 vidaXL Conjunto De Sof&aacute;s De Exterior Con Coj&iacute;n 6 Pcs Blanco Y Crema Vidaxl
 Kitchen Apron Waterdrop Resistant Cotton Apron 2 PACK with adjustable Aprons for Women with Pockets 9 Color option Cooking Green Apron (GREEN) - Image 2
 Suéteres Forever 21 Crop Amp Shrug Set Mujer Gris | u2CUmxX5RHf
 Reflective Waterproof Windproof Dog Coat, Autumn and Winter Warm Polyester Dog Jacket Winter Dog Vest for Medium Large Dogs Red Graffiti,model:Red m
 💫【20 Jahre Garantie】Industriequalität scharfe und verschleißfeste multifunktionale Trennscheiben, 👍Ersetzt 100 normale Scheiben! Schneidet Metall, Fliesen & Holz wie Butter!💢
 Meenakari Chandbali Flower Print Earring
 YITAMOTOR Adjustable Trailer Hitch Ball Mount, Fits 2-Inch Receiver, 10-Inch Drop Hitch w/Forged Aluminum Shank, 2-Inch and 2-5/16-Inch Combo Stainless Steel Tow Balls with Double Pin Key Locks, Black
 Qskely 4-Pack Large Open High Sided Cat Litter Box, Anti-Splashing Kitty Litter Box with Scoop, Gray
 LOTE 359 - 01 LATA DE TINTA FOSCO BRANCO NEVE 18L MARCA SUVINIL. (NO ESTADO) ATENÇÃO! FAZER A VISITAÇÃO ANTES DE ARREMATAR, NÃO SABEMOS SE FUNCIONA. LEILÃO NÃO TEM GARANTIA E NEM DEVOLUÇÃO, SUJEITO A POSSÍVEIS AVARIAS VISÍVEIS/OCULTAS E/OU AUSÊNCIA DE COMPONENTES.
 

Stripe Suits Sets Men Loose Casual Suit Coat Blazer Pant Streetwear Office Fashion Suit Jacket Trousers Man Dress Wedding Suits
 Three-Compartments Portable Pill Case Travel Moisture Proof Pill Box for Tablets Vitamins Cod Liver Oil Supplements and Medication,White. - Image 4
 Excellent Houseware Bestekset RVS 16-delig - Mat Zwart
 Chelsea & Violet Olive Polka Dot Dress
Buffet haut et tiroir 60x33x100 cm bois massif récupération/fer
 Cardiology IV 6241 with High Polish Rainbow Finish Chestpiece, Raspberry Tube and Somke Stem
────────────────────────────────────────
Exercise goal: Your answer should consist of the lines from the line with "Suéteres Forever 21" through the last line of the data, set down exactly, both included.

Written response:
 Suéteres Forever 21 Crop Amp Shrug Set Mujer Gris | u2CUmxX5RHf
 Reflective Waterproof Windproof Dog Coat, Autumn and Winter Warm Polyester Dog Jacket Winter Dog Vest for Medium Large Dogs Red Graffiti,model:Red m
 💫【20 Jahre Garantie】Industriequalität scharfe und verschleißfeste multifunktionale Trennscheiben, 👍Ersetzt 100 normale Scheiben! Schneidet Metall, Fliesen & Holz wie Butter!💢
 Meenakari Chandbali Flower Print Earring
 YITAMOTOR Adjustable Trailer Hitch Ball Mount, Fits 2-Inch Receiver, 10-Inch Drop Hitch w/Forged Aluminum Shank, 2-Inch and 2-5/16-Inch Combo Stainless Steel Tow Balls with Double Pin Key Locks, Black
 Qskely 4-Pack Large Open High Sided Cat Litter Box, Anti-Splashing Kitty Litter Box with Scoop, Gray
 LOTE 359 - 01 LATA DE TINTA FOSCO BRANCO NEVE 18L MARCA SUVINIL. (NO ESTADO) ATENÇÃO! FAZER A VISITAÇÃO ANTES DE ARREMATAR, NÃO SABEMOS SE FUNCIONA. LEILÃO NÃO TEM GARANTIA E NEM DEVOLUÇÃO, SUJEITO A POSSÍVEIS AVARIAS VISÍVEIS/OCULTAS E/OU AUSÊNCIA DE COMPONENTES.
 

Stripe Suits Sets Men Loose Casual Suit Coat Blazer Pant Streetwear Office Fashion Suit Jacket Trousers Man Dress Wedding Suits
 Three-Compartments Portable Pill Case Travel Moisture Proof Pill Box for Tablets Vitamins Cod Liver Oil Supplements and Medication,White. - Image 4
 Excellent Houseware Bestekset RVS 16-delig - Mat Zwart
 Chelsea & Violet Olive Polka Dot Dress
Buffet haut et tiroir 60x33x100 cm bois massif récupération/fer
 Cardiology IV 6241 with High Polish Rainbow Finish Chestpiece, Raspberry Tube and Somke Stem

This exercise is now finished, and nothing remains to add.